About this exercise
The task calls for the lines below from the line with "Raucherstation in Shimbashi" to the line with "KSTDC Hotel Mayura Velapuri Belur", both ends included, copied exactly, without any pictures.

Data listing
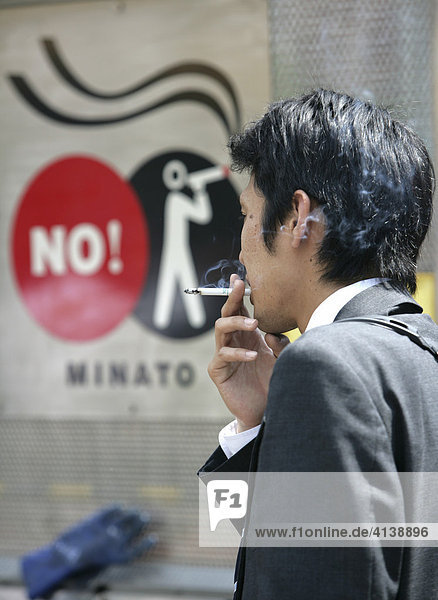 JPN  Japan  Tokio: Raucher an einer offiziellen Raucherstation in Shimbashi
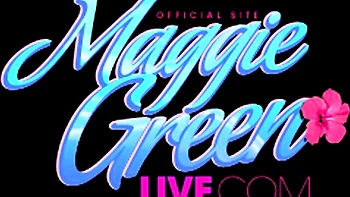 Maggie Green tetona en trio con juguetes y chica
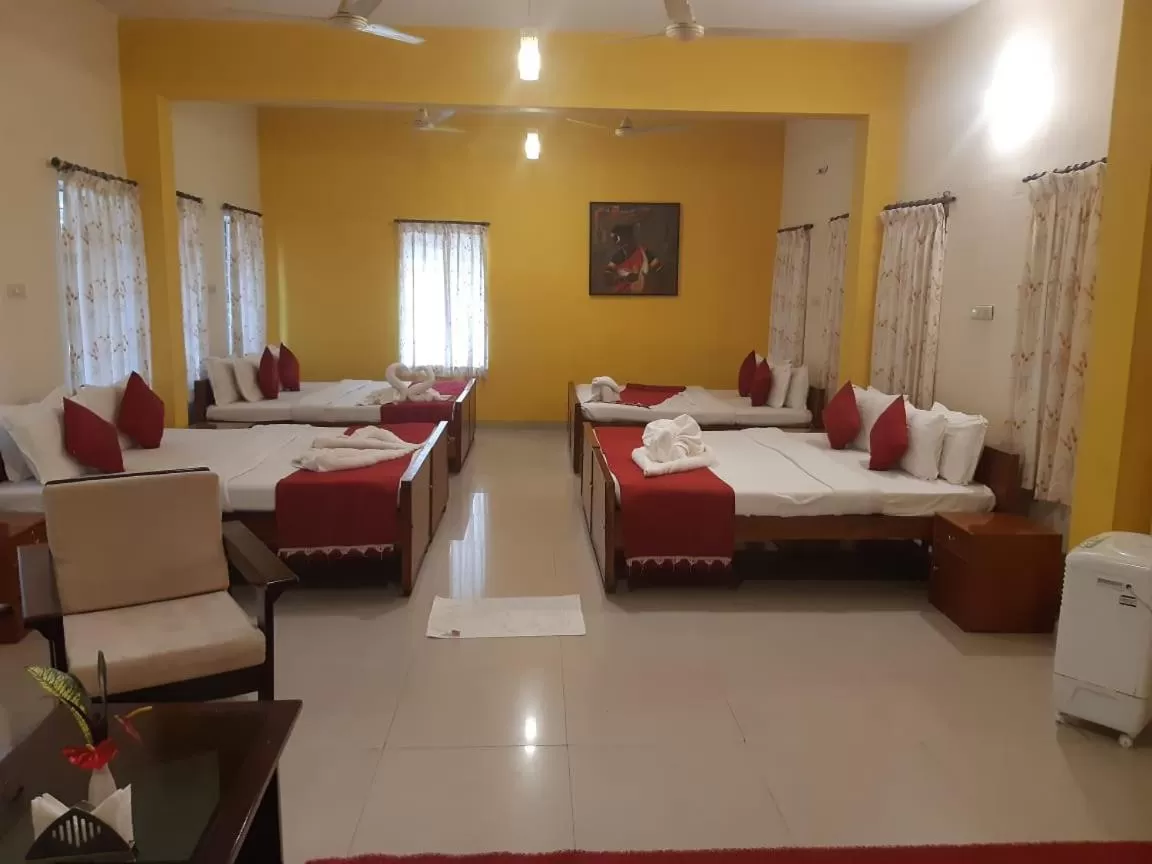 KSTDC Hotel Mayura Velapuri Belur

==

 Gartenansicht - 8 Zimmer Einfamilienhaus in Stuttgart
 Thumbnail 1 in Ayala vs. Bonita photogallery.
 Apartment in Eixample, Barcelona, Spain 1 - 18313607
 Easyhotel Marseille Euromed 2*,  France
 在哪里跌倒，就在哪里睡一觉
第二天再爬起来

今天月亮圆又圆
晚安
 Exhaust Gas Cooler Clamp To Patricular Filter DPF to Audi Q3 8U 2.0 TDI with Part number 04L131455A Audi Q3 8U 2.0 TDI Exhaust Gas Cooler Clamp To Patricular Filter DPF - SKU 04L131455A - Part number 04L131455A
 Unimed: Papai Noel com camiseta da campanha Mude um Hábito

Task output
 JPN  Japan  Tokio: Raucher an einer offiziellen Raucherstation in Shimbashi
 Maggie Green tetona en trio con juguetes y chica
 KSTDC Hotel Mayura Velapuri Belur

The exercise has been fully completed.